T(N) = 2T(N/2) + O(N)

which has solution O(N lg N).

Three-dimensional all-points maxima
We can generalize the previous algorithm to yield results for higher dimensions.The steps include

  1. divide set into A and B,
  2. recursively find the maxima of each of those sets
  3. discard every maxima of A which is dominated by a maxima of
    B (since every maxima of B is a maxima of the whole set).
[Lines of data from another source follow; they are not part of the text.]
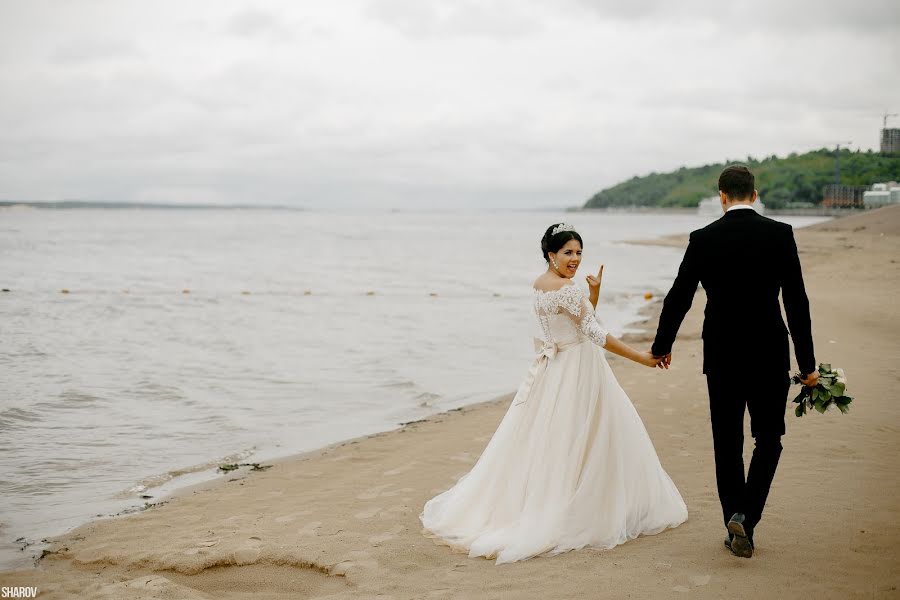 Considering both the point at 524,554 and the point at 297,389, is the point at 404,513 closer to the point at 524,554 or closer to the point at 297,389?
the point at 524,554

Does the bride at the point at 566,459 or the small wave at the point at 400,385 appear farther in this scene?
the small wave at the point at 400,385

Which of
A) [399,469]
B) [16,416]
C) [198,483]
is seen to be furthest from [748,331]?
[16,416]

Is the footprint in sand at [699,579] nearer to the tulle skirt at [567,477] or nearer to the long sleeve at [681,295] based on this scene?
the tulle skirt at [567,477]

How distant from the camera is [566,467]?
16.2ft

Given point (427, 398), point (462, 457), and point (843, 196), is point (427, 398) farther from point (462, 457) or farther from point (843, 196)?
point (843, 196)

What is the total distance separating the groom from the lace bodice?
1.98ft

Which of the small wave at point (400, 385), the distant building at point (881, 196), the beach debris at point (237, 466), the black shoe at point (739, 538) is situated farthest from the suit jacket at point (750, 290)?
the distant building at point (881, 196)

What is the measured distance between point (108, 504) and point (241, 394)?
14.9ft

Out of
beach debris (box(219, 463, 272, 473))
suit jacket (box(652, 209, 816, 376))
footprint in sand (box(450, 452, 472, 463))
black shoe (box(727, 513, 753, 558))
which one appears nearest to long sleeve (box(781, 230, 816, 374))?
suit jacket (box(652, 209, 816, 376))

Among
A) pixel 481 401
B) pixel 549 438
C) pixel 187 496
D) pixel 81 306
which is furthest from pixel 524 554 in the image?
pixel 81 306

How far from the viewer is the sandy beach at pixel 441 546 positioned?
432 centimetres

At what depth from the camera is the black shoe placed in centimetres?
448

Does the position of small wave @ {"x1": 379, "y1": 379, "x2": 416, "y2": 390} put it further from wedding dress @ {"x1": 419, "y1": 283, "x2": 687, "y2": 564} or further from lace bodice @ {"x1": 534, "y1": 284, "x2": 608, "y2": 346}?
lace bodice @ {"x1": 534, "y1": 284, "x2": 608, "y2": 346}

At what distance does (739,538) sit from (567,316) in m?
1.70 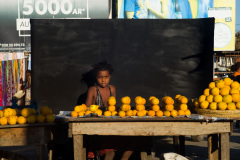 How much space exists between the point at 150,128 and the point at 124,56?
309cm

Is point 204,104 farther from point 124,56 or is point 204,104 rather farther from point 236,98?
point 124,56

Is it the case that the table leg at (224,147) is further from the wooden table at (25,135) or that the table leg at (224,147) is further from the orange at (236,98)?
the wooden table at (25,135)

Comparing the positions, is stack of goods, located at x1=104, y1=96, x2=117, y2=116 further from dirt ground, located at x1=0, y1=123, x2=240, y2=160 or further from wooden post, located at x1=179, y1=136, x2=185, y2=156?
dirt ground, located at x1=0, y1=123, x2=240, y2=160

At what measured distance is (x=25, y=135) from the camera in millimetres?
4125

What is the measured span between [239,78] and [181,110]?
3948 millimetres

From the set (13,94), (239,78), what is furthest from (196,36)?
(13,94)

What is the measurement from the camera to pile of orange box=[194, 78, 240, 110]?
14.0 ft

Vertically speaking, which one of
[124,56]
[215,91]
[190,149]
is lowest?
[190,149]

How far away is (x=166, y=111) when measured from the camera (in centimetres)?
427

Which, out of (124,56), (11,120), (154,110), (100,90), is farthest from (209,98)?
(124,56)

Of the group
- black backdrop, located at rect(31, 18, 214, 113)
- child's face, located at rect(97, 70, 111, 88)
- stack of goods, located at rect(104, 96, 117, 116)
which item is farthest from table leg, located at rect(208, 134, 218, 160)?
black backdrop, located at rect(31, 18, 214, 113)

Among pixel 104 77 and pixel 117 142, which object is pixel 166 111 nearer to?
pixel 117 142

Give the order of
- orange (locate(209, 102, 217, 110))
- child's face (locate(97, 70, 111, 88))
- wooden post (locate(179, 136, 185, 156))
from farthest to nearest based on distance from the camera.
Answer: wooden post (locate(179, 136, 185, 156)) → child's face (locate(97, 70, 111, 88)) → orange (locate(209, 102, 217, 110))

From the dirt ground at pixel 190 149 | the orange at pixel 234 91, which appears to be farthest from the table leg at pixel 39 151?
the orange at pixel 234 91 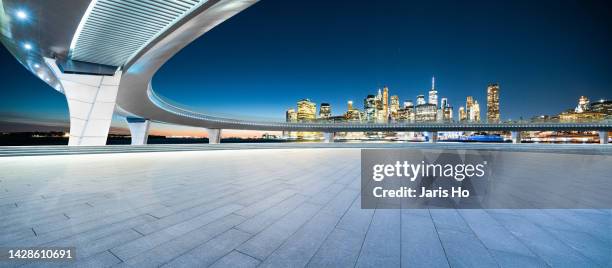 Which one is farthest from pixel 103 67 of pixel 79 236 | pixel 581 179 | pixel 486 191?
pixel 581 179

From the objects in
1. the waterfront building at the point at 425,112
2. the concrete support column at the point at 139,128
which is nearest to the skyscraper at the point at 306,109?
the waterfront building at the point at 425,112

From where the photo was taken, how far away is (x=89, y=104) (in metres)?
20.9

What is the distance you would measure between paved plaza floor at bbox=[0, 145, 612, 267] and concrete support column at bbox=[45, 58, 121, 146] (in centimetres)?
1838

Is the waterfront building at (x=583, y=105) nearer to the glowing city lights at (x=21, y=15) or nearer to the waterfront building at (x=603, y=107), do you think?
the waterfront building at (x=603, y=107)

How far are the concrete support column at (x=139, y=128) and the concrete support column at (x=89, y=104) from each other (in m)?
28.0

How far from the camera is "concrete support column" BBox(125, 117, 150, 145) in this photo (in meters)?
46.8

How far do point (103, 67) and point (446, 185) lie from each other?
24.7 m

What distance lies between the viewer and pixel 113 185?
669 cm

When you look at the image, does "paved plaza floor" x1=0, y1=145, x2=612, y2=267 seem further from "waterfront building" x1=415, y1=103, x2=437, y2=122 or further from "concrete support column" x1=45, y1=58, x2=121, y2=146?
"waterfront building" x1=415, y1=103, x2=437, y2=122

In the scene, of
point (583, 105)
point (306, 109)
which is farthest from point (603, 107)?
point (306, 109)

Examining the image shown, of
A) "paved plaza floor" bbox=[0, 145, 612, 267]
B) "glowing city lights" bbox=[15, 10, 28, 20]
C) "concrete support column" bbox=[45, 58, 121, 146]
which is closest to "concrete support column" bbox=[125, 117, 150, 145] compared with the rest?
"concrete support column" bbox=[45, 58, 121, 146]

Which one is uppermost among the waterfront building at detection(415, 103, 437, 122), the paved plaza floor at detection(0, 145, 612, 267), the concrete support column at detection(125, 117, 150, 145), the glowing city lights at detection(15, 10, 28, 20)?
the waterfront building at detection(415, 103, 437, 122)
The third step is accomplished by projecting the respective maxima sets onto the plane and then solving the planar problem. We could modify the two-dimensional algorithm to solve this task, but it will be slightly more efficient to use the scanning algorithm.
Suppose we cut into A and B by the z-coordinate; we must discard all As dominated by any Bs in the x-y plane. If we have presorted by x, then we just scan right to left down the sorted list, discarding As with y-values less than the maximum B y-value observed to date.
Time Complexity
The running time for marriage step is linear which includes presorting. Therefore the running time for three-dimensional is same as two-dimensional which is O(N lg N).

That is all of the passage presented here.